By Robert Schlesinger, Thomas Jefferson Street blog
Almost a year and a half into his term, President Obama will give his first Oval Office address, on the ongoing oil spill disaster. The setting is meant in and of itself to send a message. "By choosing to speak to the nation on Tuesday night for the first time from the Oval Office, where his predecessors have spoken of wars and disasters, President Obama is conveying the gravity of the spill in the Gulf of Mexico," the New York Times reports.
Obama and his team must be careful, however. A successful presidential speech requires the message and the moment to sync. At their best, presidents understand that a great speech can crystallize or catalyze a national moment, but rarely can it create one. That is why so many of Obama's predecessors' memorably successful Oval Office speeches focused on singular events like wars. The record of Oval Office speeches focused on more diffuse themes--like a slowly unfolding natural disaster--is mixed, at best.
The best remembered Oval Office speeches relate to impending conflict and immediately unfolding crises. Think of Kennedy's Cuban Missile Crisis speech, Reagan's Challenger speech, Bush 41's speeches on the invasion of Panama and the start of the Gulf War, and Bush 43's speeches after 9/11 and the invasion of Iraq.
Even some speeches that spoke to broad national problems had immediate news pegs. JFK's famous June, 1963 speech to the nation on civil rights, for example, came at the successful resolution of the University of Alabama segregation fight, with Gov. George Wallace standing in the doorway of the school's registration building in order to keep the black students out. Kennedy had come under withering criticism for not speaking out enough on civil rights to that point. Even aides like my father, Arthur Schlesinger Jr., had been befuddled and disappointed. "Even if he has no power to act, he has unlimited power to express the moral sense of the people," Dad wrote in his journal in a sentiment that could as easily sum up the puzzled discontent many of us feel about Obama's reaction to the gulf crisis. But Kennedy sensed that the bully pulpit should not be overused. "People forget this when they expect me to go on the air all the time educating the nation," he told my father on another occasion. "The nation will listen only if it is a moment of great urgency." He saw such a moment after the University of Alabama situation was resolved, and he used it to great effect.
No one doubts that the gulf spill is a crisis, but it is not clear what about this moment is prompting the president to address the nation beyond a sense of public impatience for presidential leadership.

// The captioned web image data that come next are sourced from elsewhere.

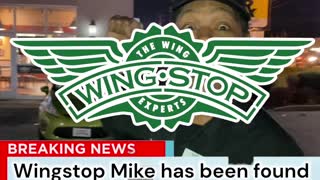 WE FOUND HIM!!!! Thanks, #wingstop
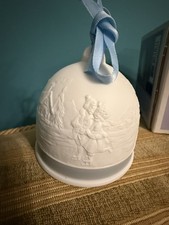 Lladro 'Winter Bell' 1994" in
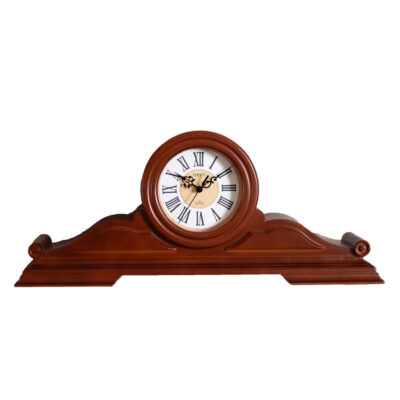 ساعت رومیزی مدل لیندوس طرح چوبی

[See a roundup of editorial cartoons about the Gulf oil spill.]
Indeed, as Marc Selverstone of UVA's Miller Center tells Politico's Mike Allen, there are fewer instances of presidents speaking from the Oval Office "in relation to an ongoing domestic crisis." And speeches in that category generally range from the forgettable--who recalls Jimmy Carter's October, 1978 speech on inflation, or economic speeches from Ronald Reagan in February, 1981 and Bill Clinton a dozen years later?--to those that are memorable for the wrong reasons.
People remember Jimmy Carter's October, 1979 Oval Office address on the energy crisis as the "malaise speech," even though he never uttered the word. That speech was actually initially seen as a success, with his poll numbers going up, but the fullness of time has made it a shorthand for the failures of the Carter presidency. (My friend Walter Shapiro, a former Carter speechwriter, suggests Obama look to that speech for inspiration this evening; Walter makes some good points on content, but I can only hope that Jon Favreau and company are steering well clear of that suggestion.)
[See a slideshow on "5 Ways Obama Can Turn Around the Gulf Crisis."]
And in the fall of 1989, when some presidential aides worried that President George H. W. Bush hadn't yet achieved presidential stature in the public mind, they settled on an Oval Office address as a good way to remedy the problem, as I recount in White House Ghosts: Presidents and Their Speechwriters. With drugs and crime as the nation's top concerns that summer that became the speech's topic. The speechwriters decided that Bush should hold up a bag of crack cocaine to illustrate the severity of the problem, a device which led overeager law enforcement officials to lure a hapless drug dealer to Lafayette Park so that Bush could say the crack was purchased right across the street from the White House. It was not, in the end, a speech that was memorable for any of the right reasons.
If Obama holds up a baggie filled with Gulf oil this evening it could be a bad sign of things to come.